Ketika evaluasi kegiatan membaca oleh siswa, guru-guru di sekolahku menyatakan kegiatan tersebut boleh dibilang tidak berhasil. Sudut baca di kelas semakin sepi peminat, bahkan kembali beralih fungsi menjadi tempat alat kebersihan kelas. Hari-hari pertama saja murid-murid rajin saling tukar bacaan yang dibawa dari rumah. Selebihnya, tidak ada lagi yang membawa bacaan. Apalagi tidak banyak koleksi yang dibawa siswa dari rumah.
Ketika aku tanya, "Apakah bapak dan ibu guru ikut membaca?" Mereka kompak menjawab "Tidak". Alasannya, mereka hanya mengawasi anak-anak membaca, memberi aba-aba saat membaca diam, keras atau menceritakan bacaan. Akhirnya, kupertegas lagi pertanyaanku, "Apakah selain buku pelajaran yang diajarkan, buku apakah yang bapak dan ibu baca?" Tidak seorangpun menjawab. Mereka saling pandang satu sama lain sambil menahan senyuman.
Beberapa waktu lalu pemerintah menggalakkan hari membaca. Sekolah diminta mencanangkan kebiasaan membaca beberapa hari dalam seminggu dengan berbagai ragam pola. Harapan utamanya jelas, agar anak-anak gemar membaca, dan tidak hanya mengandalkan membaca saat jam-jam pelajaran atau mengerjakan tugas sekolah.
Rupanya kegiatan tersebut hanya berlangsung sesaat dan sudah tak terdengar lagi di banyak sekolah. Kegiatan pembelajaran sekolah kembali seperti semula. Membaca seolah tinggal ritual abadi yang dilakukan hanya terbatas pada jam pelajaran, dan selebihnya tidak tersisa lagi.
Pertanyaannya, mengapa kegemaran membaca begitu sulit dibangun? Mengapa program gemar membaca tidak berjalan? Jawaban sederhana. Di antara faktor kegagalan penanaman kegemaran membaca dapat ditelusuri dari guru. Penanaman kebiasaan membaca tidak berjalan karena tidak muncul atas inisiatif guru dan sekolah, tetapi lebih karena program pemerintah, dari atas. Ketika instruksi dari atas mereda, maka reda pula kegiatan tersebut.
Faktanya, mayoritas guru ternyata tidak suka membaca.
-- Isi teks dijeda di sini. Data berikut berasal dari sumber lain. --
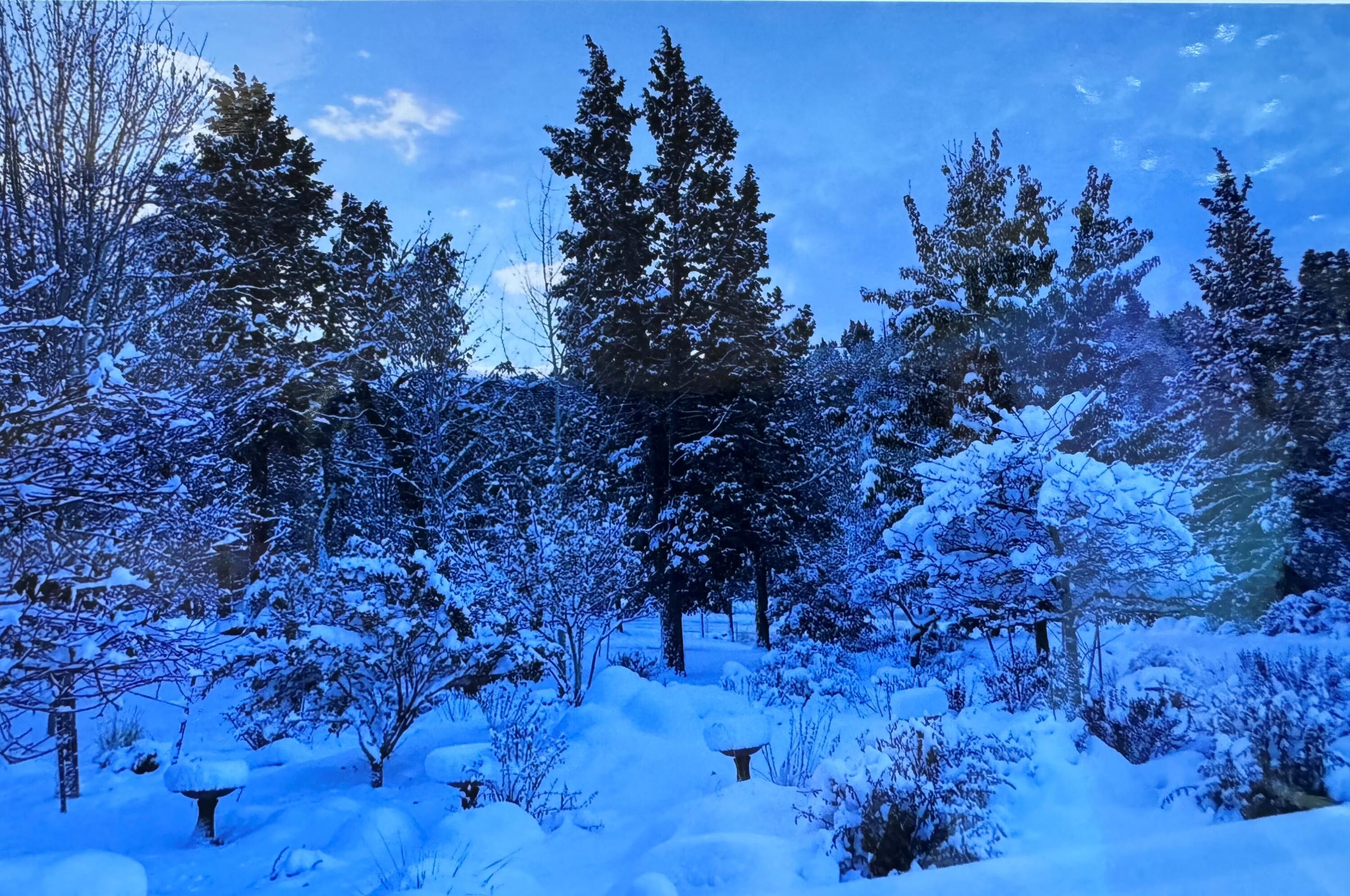 Running YResort - Residential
Mereka hanya membaca buku pelajaran yang diajarkan, bahkan kebanyakan membaca bersamaan dengan saat mengajarkannya di depan kelas. Selebihnya, mereka lebih sibuk dengan urusan lain. Mengajar hanya seolah menyampaikan apa yang mereka hafal dengan cara yang biasa mereka lakukan. Tidak ada dinamika dan tidak ada perubahan dalam tradisi pembelajaran para guru.
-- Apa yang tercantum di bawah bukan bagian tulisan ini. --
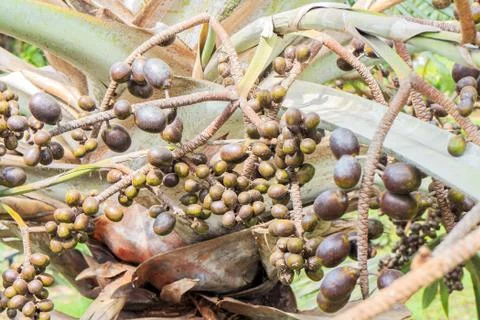 Palm fruit Stock Photos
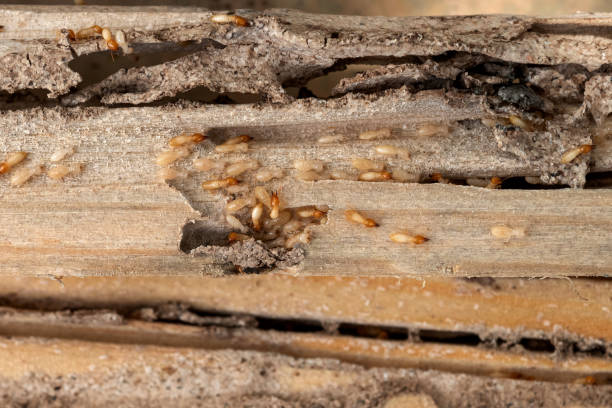 Best Pest Removal Services  in Port Reading, NJ
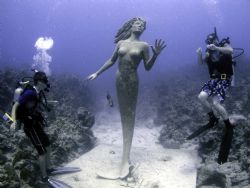 Mermaid and friends Sunset House Grand Cayman Island. Oly... by Steven Pahel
Fenomena ini banyak dijumpai di hampir semua sekolah. Sedikit sekali guru yang gemar membaca hal-hal yang berkaitan dengan pengembangan kompetensinya sendiri, dengan mengikuti kemajuan-kemajuan ide dan berbagai pendekatan pembelajaran. Mayoritas guru tidak belajar lagi dengan membaca mengenai apa yang mesti diajarkan, dan bagaimana mengajarkannya dengan lebih baik.
Banyak dari mereka telah menempatkan diri sebagai buruh mengajar dari pada akademisi. Mereka datang, mengajar sesuai prota/promes, memberi lembar kerja, dan soal ulangan, tanpa ada dinamika pendekatan, materi, metode, maupun media yang digunakan. Sosialisasi dan pelatihan berbagai pendekatan baru selalu direspon sebagai beban yang diterima dengan berat hati.
Sulit dibayangkan, bagaimana siswa bisa gemar membaca, bila para pengajarnya sebenarnya tidak suka membaca? Bagaimana mereka gemar belajar, bila bagi guru-gurunya belajar harus dipaksakan?